Joseph Egert writes, "Our resident Biblical scholar Bill Arnold concedes
'Christians are of a Judaic-Christian culture.'

Indeed, you have not read my book, Joseph.  As I have noted in my posts
related to my thoughts on the Bible, I cannot be held accountable
forwhat I have not written to this message board.  But I have suggested
my book is available: http://www.anoldbooklook.com

Then Joseph Egert writes, "He was not always so generous. In 2003 (SHK
14.2128), he wrote: 'And what [Jesus] added was the eleventh
commandment, the tenet of Christianity: "Thou shalt love thy neighbour
as thyself." Now, this was the newly created commandment of Will S's
"Saviour." And this commandment is the backbone of the New Testament and
replaced the eye-for-an-eye doctrine of the Old Testament."

Well, Joseph, what makes you think I was not generous?  I was merely
citing my interpretation of the New Testament.  Jesus himself did note
He was descended from the line of David.  He was knowledgeable in Old
Testament law and stories.  In answer to questions from His disciples
about which commandment was the greatest He gave His answer, which is
found in several places in the NT, but I will cite two, which appear in
my book, from the Shakespearean-Age KJV, Matthew, C 22, Vs. 35-38:

35 Then one of them *which was* a lawyer, asked *him a question,*
tempting him, and saying,

36 Master, which *is* the great commandment in the law?

37 Jesus said unto him, "Thou shalt love the Lord thy God with all thy
heart, and with all thy soul, and with all thy mind."

38 "This is the first and great commandment."

Then to, Mark, C 12, V 31:

31 "And the second *is* like, *namely,* this, 'Thou shalt love thy
neighbour as thyself.'  There is none other commandment greater than these."

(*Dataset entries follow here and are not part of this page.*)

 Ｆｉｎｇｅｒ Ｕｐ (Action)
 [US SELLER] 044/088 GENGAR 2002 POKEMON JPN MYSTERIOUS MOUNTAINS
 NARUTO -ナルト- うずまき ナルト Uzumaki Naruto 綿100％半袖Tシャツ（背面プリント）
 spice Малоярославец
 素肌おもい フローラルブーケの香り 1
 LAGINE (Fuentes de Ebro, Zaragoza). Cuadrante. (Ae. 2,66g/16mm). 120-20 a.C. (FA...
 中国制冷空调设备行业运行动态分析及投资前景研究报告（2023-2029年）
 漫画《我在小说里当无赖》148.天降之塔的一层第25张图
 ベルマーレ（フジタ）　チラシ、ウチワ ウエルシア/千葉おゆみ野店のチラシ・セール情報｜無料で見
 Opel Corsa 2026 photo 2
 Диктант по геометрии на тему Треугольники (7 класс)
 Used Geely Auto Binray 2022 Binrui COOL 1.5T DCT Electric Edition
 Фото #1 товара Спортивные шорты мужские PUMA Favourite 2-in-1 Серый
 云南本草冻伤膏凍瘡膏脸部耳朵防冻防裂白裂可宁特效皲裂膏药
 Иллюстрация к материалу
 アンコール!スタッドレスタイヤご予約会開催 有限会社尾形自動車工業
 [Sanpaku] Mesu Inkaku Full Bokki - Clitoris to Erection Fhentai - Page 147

Now, Joseph, I would remind you that I am quoting the KJV, but I do note
my observation.  Generally, in the Bible, reference to the
*commandments* are interpreted to be the *ten commandments* and they are
not to be found in Leviticus 19.  What Christologers refer to as the
eleventh commandment is Jesus' quote from Mark, C 12, V 31, and a few
others in the NT.
Jesus did Himself state He came not to change the law, but to add to it.
  That He elevated this commandment from His God to such a high
standard, second only to His first commandment, "Thou shalt love the
Lord thy God with all thy heart, and with all thy soul, and with all thy
mind," was the doing of Jesus and I only refer you to text, and my
interpretation therefrom.  Indeed, I stated that the NT version was
"newly created" as it was, by Jesus.  After all, he was a Jew, a
descendant of King David, according to text.  I do not find that Saul
had anything to do with the matter, as the text above proves otherwise.
  As I state in my book, what others have done in the name of Jesus is
their matter.

What Jesus said is His.  And He said His was the Will of God.